90 days from today is Sat, 20 July 2024

Devon & Cornwall Police Federation

Pay and Morale Survey: 95% of Devon and Cornwall Police officers do not feel respected by the Government

16 February 2022

A huge 95% of Devon and Cornwall Police officers say they do not currently feel respected by the Government with 40% worrying about their finances every day.

The new figures from the Police Federation of England and Wales (PFEW) 2021 Pay and Morale Survey come after 12 years of pay caps and pay freezes for the police.

72% of respondents from Devon and Cornwall Police felt that they were worse off financially than they were five years ago and 10% of respondents reported never or almost never having enough money to cover all their essentials.

The negative impact of the Government’s treatment towards police officers and police pay is clear from the survey – 87% of respondents from Devon and Cornwall Police felt that morale within Devon and Cornwall is currently low.

And 70% of respondents from Devon and Cornwall Police said that over the last 12 months, their workload has been too high or much too high.

Last year police officers across England and Wales were given a 0% pay rise. Household bills are rising sharply and National Insurance is going up in April. Over the past 10 years police officer pay has fallen in real terms by 18%.

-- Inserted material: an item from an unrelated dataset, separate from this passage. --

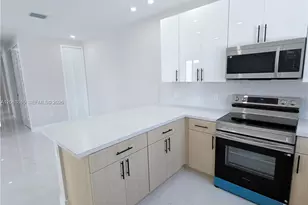 12368 SW 219th St, Miami, FL 33170 - Photo 7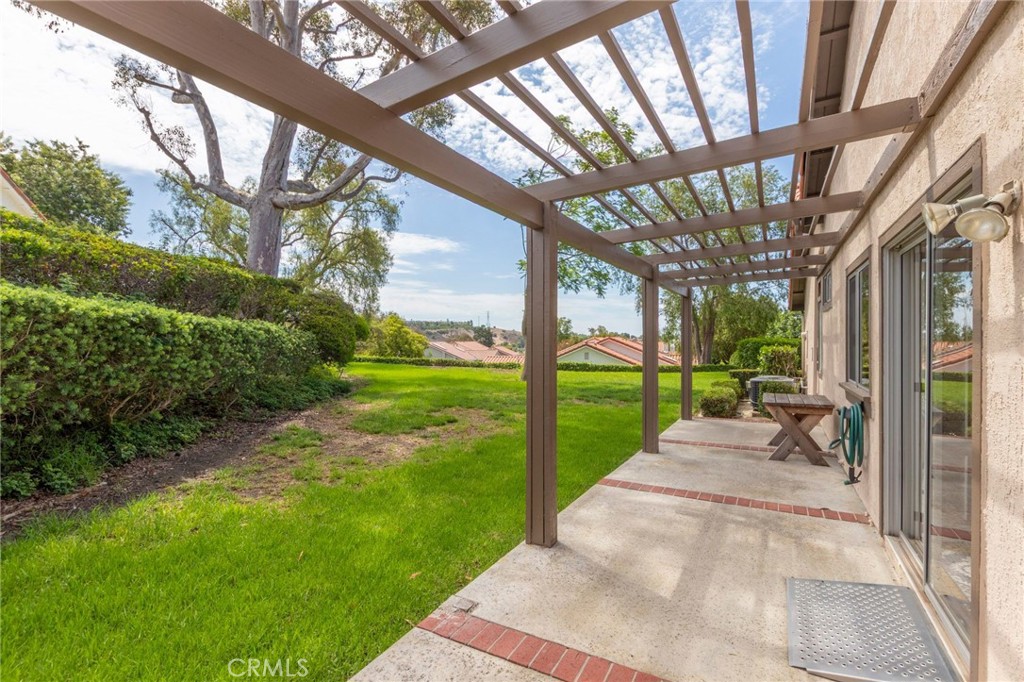 28302 Borgona Property Photo 31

So it comes as no surprise that 71% of the 512 respondents from Devon and Cornwall Police said that they are dissatisfied with their overall remuneration.

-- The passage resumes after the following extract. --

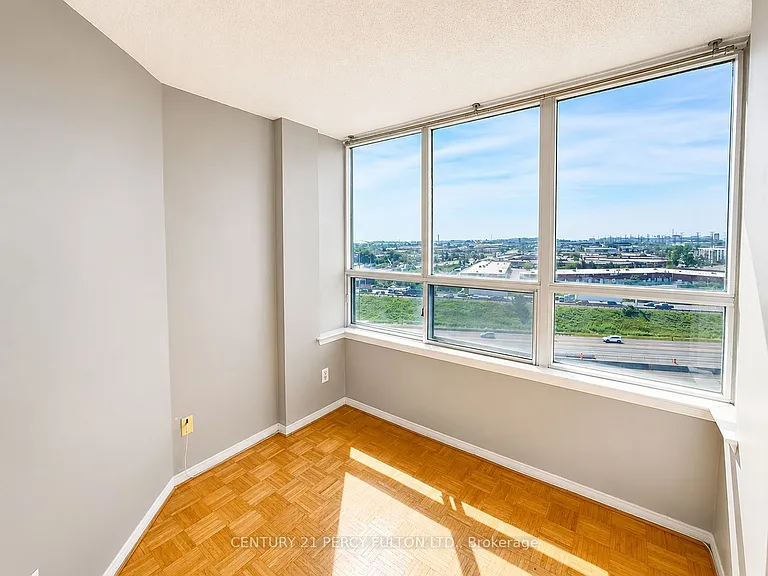 1625 Pickering Pkwy #1201 — Photo 17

Meanwhile 65% of officers who responded said they would not recommend joining the police to others and 13% of respondents from Devon and Cornwall Police said they had an intention to leave the police service either within the next 2 years or as soon as possible.

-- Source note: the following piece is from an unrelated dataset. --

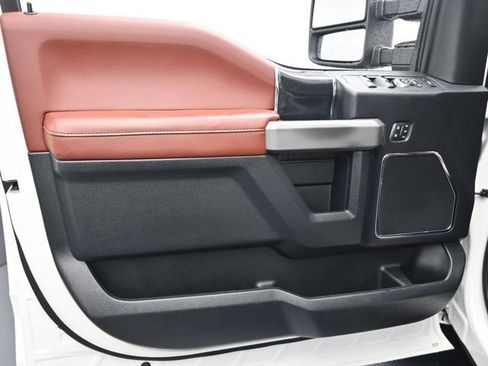 Used 2021 Ford F350 Platinum image 18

The Federation is urging MPs to support its campaign for a real-terms pay increase and a fair and independent mechanism to decide on police officer pay rises.

Andy Berry, Devon and Cornwall Police Federation Chair, said: “The results of our Pay and Morale Survey clearly illustrate the anger and disillusionment of our brave dedicated and brave colleagues and cannot be ignored.

“Police officers are realistic professionals who fully understand the public purse is not a bottomless pit. But the sheer unfairness of being snubbed for a deserved pay rise, added to rising inflation, the effects of austerity cuts and the pandemic, plus of course the forthcoming impact of the National Insurance increase, will not be forgotten by our members.”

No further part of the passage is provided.